National Portrait Gallery boosts female representation with five new self-portraits

Paintings highlighting stories of women who have helped shape British culture are part of three-year project by NPG

The National Portrait Gallery has acquired five self-portraits by female artists as part of a three-year project to enhance the representation of women in its collection.

The gallery, which is currently closed for a major refurbishment, said the works highlighted stories of women who have helped shape British culture.

The portraits, created between the early 1970s and 2019, address issues of identity and gender stereotypes, said Flavia Frigeri, a curator at the NPG.

“They are not just portraiture of likeness, someone simply depicting themselves. The importance of these five acquisitions is they show the multifaceted identity of an artist, but also of women more generally,” she said.

They include the first painted self-portrait by a black female artist in the gallery’s collection. Everlyn Nicodemus’s Självporträtt, Åkersberga layers multiple faces in recognition of her roles as artist, writer, mother and wife.

jälvporträtt, Åkersberga by Everlyn Nicodemus, 1982.
jälvporträtt, Åkersberga by Everlyn Nicodemus, 1982. Photograph: National Portrait Gallery London/Courtesy Richard Saltoun Gallery

Speaking about the painting, Nicodemus, who emigrated from Tanzania to Sweden in the 1970s and eventually settled in the UK, said: “I exhibited myself as a subject, showing every part of myself, my problems, my hopes, my conflicts – my whole life … It was a form of psychological survival.”

Rose Finn-Kelcey was a major figure in the contemporary British art scene for more than four decades. Since her death in 2014, her work has been the subject of greater attention for its engagement with ideas around feminism, spirituality and commodity culture, the NPG said.

Her self-portrait, Preparatory Study for “Divided Self”, shows two images of herself engaging in conversation while sitting on a bench at Speaker’s Corner in London’s Hyde Park.

By speaking to herself in a place where people have made speeches since the mid-19th century, her self-portrait highlights how women’s voices have traditionally been unheard.

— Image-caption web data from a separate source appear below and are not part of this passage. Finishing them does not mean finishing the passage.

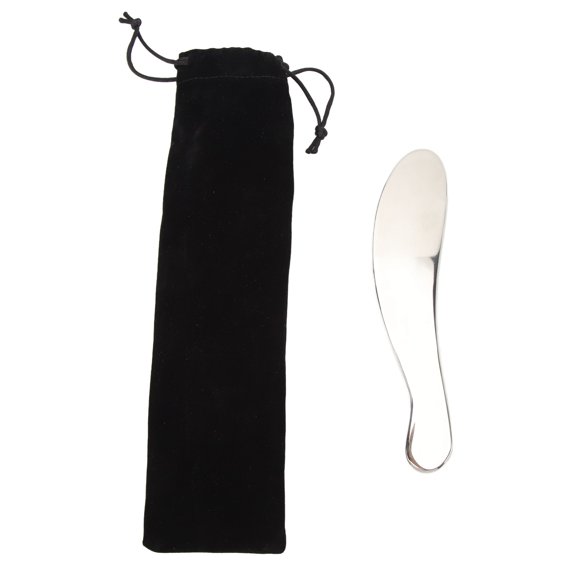 Scraping Massage Tool, Ergonomic Design Gua Sha Tools Lightweight Stainless Steel Durable for Health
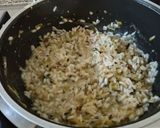 Foto del passaggio 9 della ricetta Risotto rosmarino e zenzero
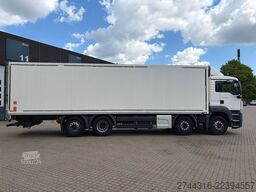 MAN TGS 35.320 8x2-6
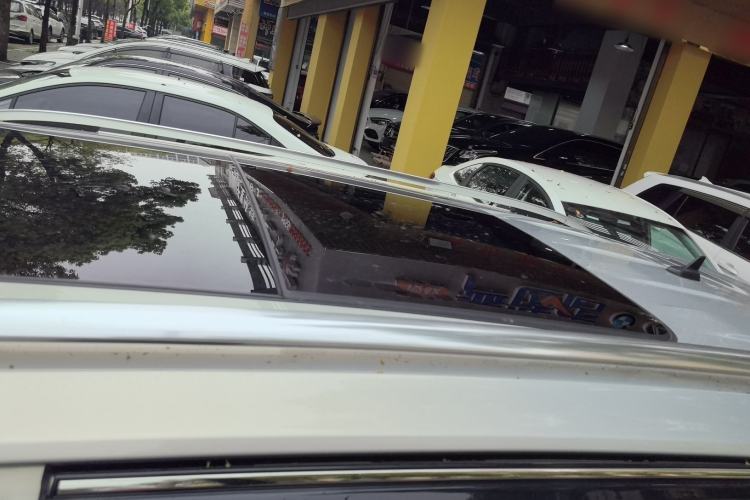 Used Volkswagen Tiguan L New Energy 2019 430 PHEV Hybrid Flagship Model Roof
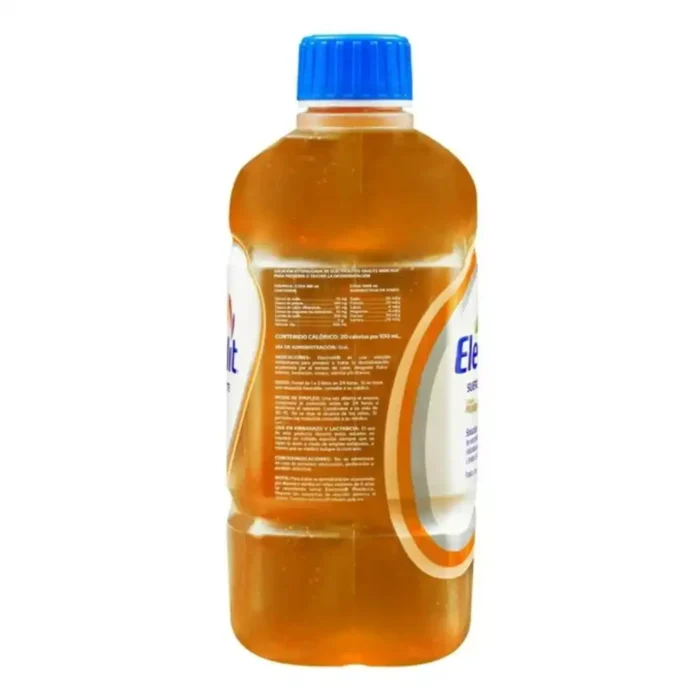 Electrolit Naranja-Mandarina 625 ml - Imagen 2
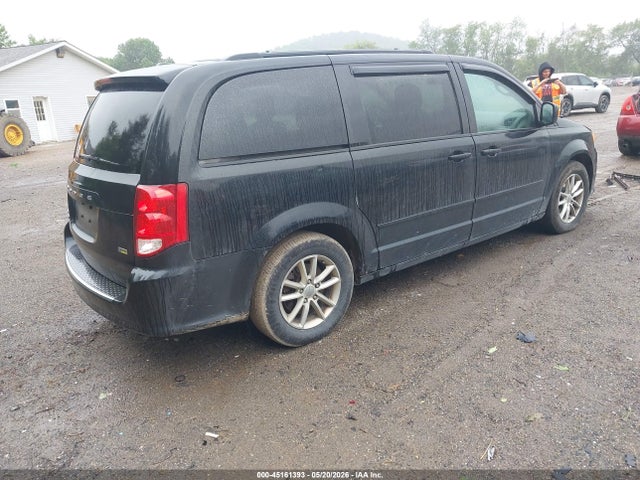 Dodge Grand Caravan Sxt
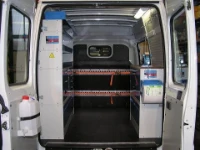 Fahrende Werkstatt PEUGEOT BOXER 1994 L1 H2 05a
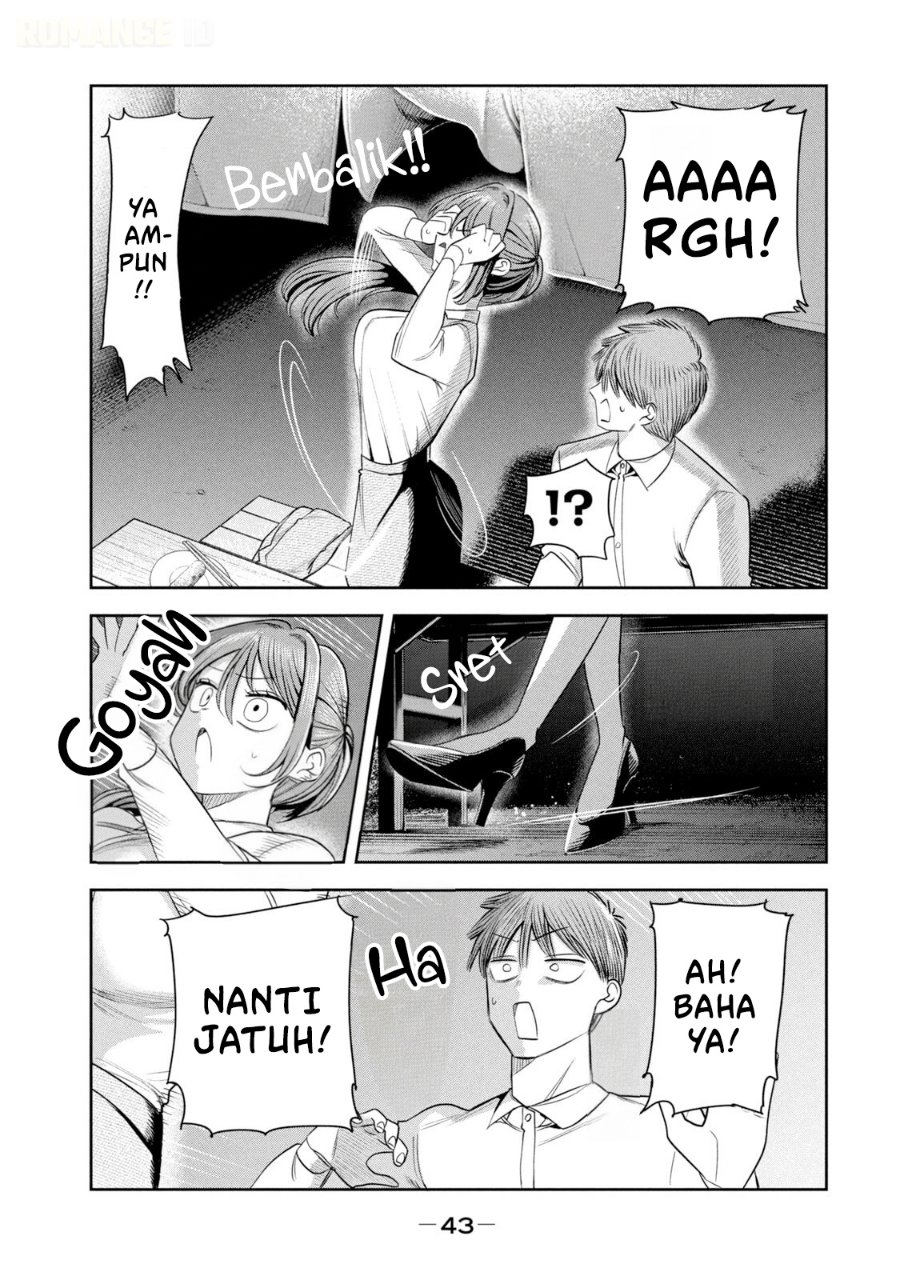 Shachou to Sake to Hoshi - Chapter 44 - Page 20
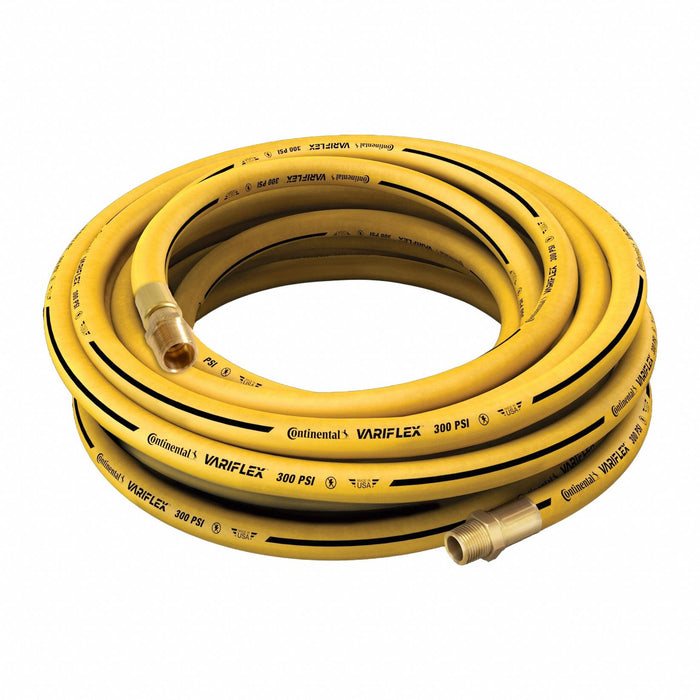 Air Hose Assembly 2 ft Hose L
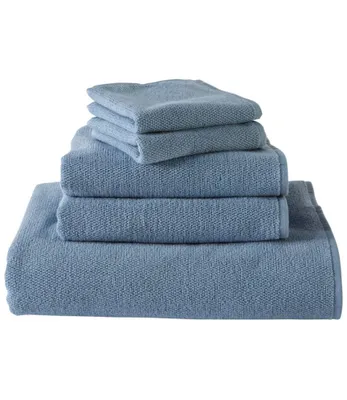 Organic Textured Cotton Towel
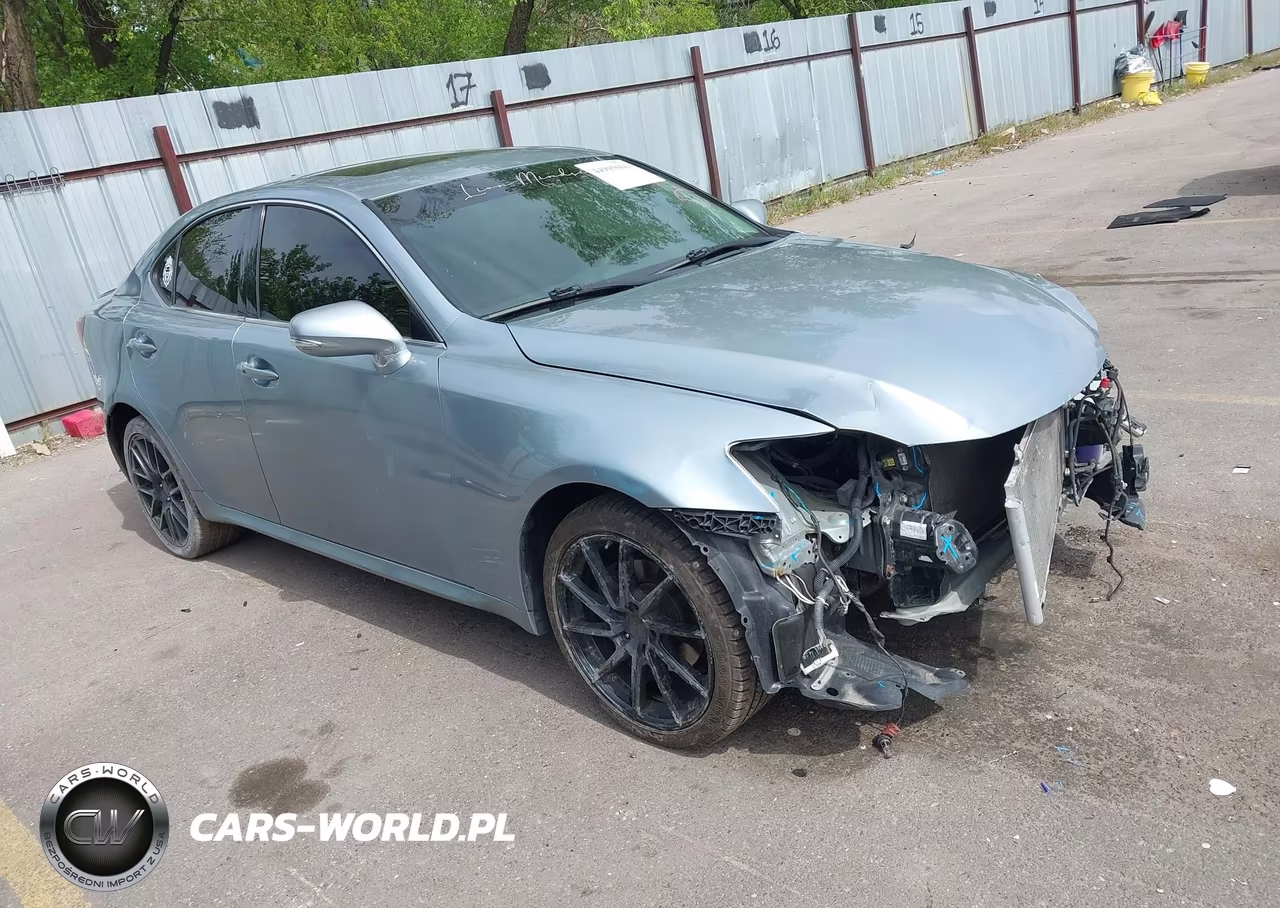2010 Lexus Is 250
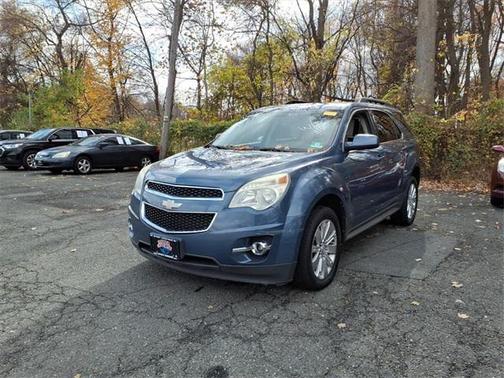 2011 Chevrolet Equinox 2LT
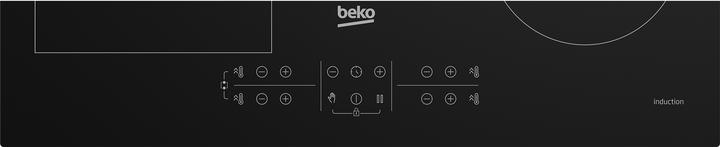 Image du produit Beko HII64200FMT Table de cuisson Intégrée Table de cuisson à induction à zones 4 zone(s)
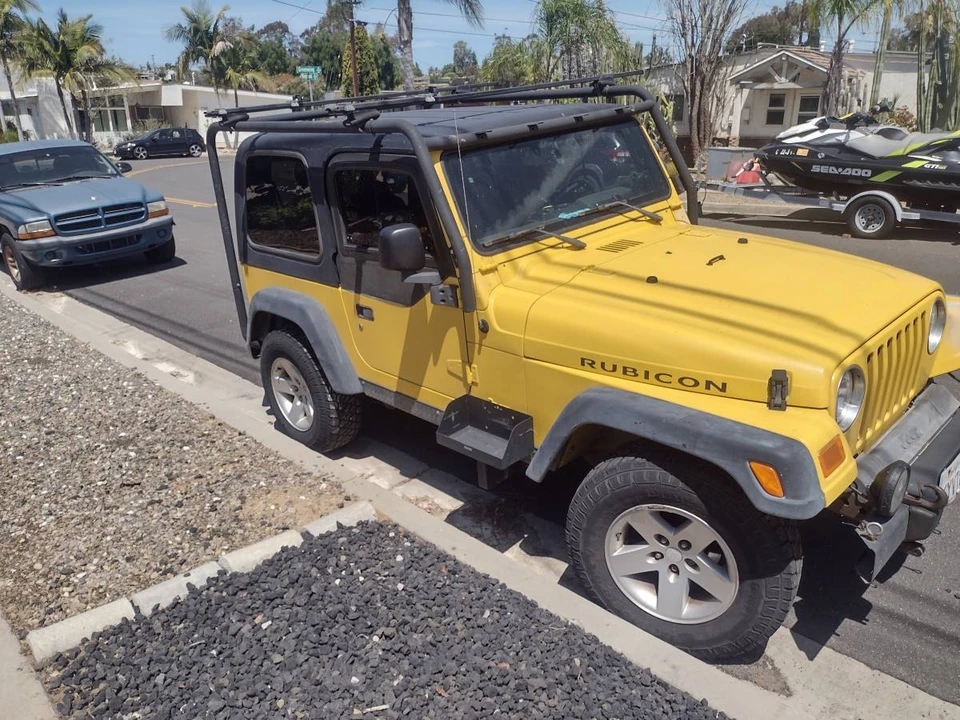 2004 Jeep TJ Wrangler - Image 2 of 12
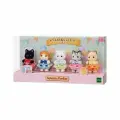Sylvanian Families, 2023 New семейство кошачьих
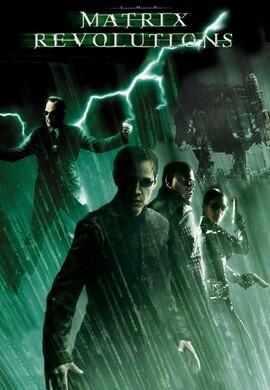 The Matrix Revolutions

Chila Kumari Burman is also depicted twice in her 1988 self-portrait, Aphrodisiacs Being Socially Constructed, taking the distinct roles of a young woman at rest and a warrior.

Celia Paul’s painting, Portrait, Eyes Lowered, is intimate and emotionally intense. It was created as part of a series of self-portraits in conjunction with her 2019 memoir, in which she documents her relationship with Lucian Freud, who painted her many times.

She said recently: “To see one’s self truthfully is one of the most challenging things for an artist… self-hatred is as invalid as self-love. Both things are false.”

Susan Hiller’s Ace (Retrieved) is part of the artist’s series of portraits and self-portraits based on photobooth images. Hiller, who died in 2019, saw photobooths as an unfiltered medium, accessible to everyone, including “those who don’t own or can’t borrow cameras”.

Frigeri said: “Each of these self-portraits challenges traditional notions of female self-representation and identity.”

When the National Portrait Gallery reopens next year, it “will have many more women being celebrated on the walls – not only artists, but women from all walks of life, lawmakers, designers, gardeners, you name it,” she added.

“This has plagued a lot of institutions for a very long time. Female sitters and work by women were not considered a priority for many decades.”

The NPG’s acquisition of the five self-portraits is part of a three-year project in partnership with the Chanel Culture Fund.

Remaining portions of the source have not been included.